• [Information provided]
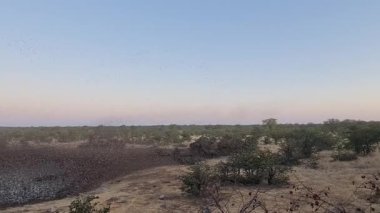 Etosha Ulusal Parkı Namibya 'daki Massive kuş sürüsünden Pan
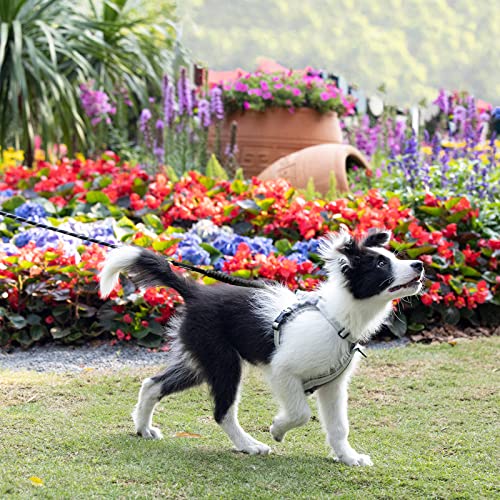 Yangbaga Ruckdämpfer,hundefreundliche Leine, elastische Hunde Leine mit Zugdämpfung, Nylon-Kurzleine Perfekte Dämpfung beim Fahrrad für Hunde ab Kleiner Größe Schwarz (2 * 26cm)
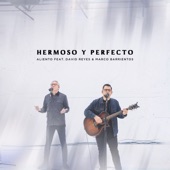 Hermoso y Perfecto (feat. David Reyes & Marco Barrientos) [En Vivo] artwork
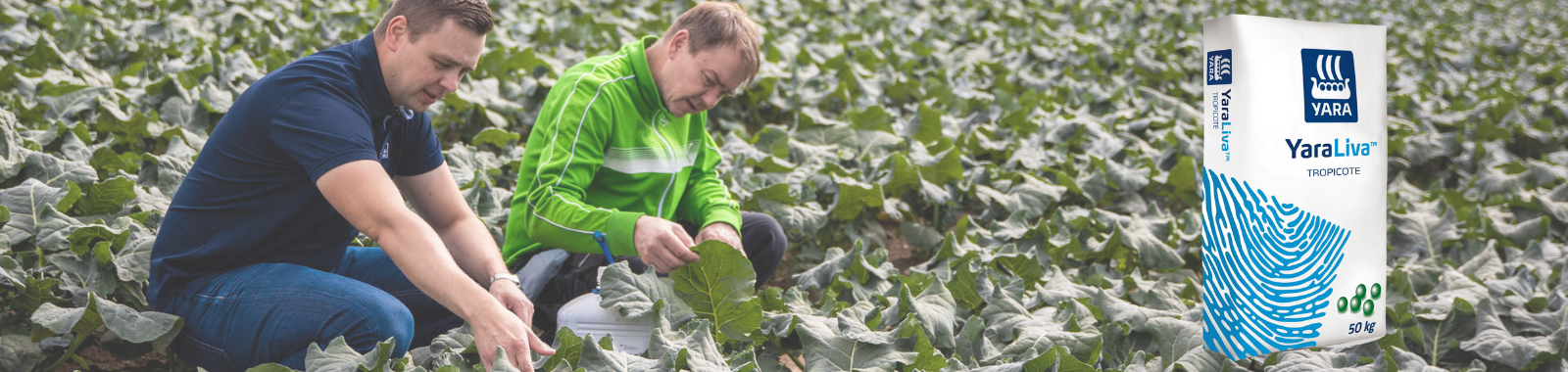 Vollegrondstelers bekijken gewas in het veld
* * *
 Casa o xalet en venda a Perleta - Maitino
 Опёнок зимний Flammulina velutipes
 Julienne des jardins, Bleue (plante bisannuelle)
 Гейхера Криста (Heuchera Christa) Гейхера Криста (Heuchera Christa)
==
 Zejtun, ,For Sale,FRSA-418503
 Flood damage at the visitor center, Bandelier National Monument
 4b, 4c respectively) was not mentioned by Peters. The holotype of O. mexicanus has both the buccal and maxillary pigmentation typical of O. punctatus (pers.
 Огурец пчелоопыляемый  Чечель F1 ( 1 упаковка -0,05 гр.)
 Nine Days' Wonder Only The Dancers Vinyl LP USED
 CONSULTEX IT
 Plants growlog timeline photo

• [What you will do] Write out the lines above from the one with "Etosha Ulusal Parkı" through the one with "Vollegrondstelers bekijken gewas in het veld", ends included, exactly; no picture goes in.

• [Solution to this task]
 Etosha Ulusal Parkı Namibya 'daki Massive kuş sürüsünden Pan
 Yangbaga Ruckdämpfer,hundefreundliche Leine, elastische Hunde Leine mit Zugdämpfung, Nylon-Kurzleine Perfekte Dämpfung beim Fahrrad für Hunde ab Kleiner Größe Schwarz (2 * 26cm)
 Hermoso y Perfecto (feat. David Reyes & Marco Barrientos) [En Vivo] artwork
 Vollegrondstelers bekijken gewas in het veld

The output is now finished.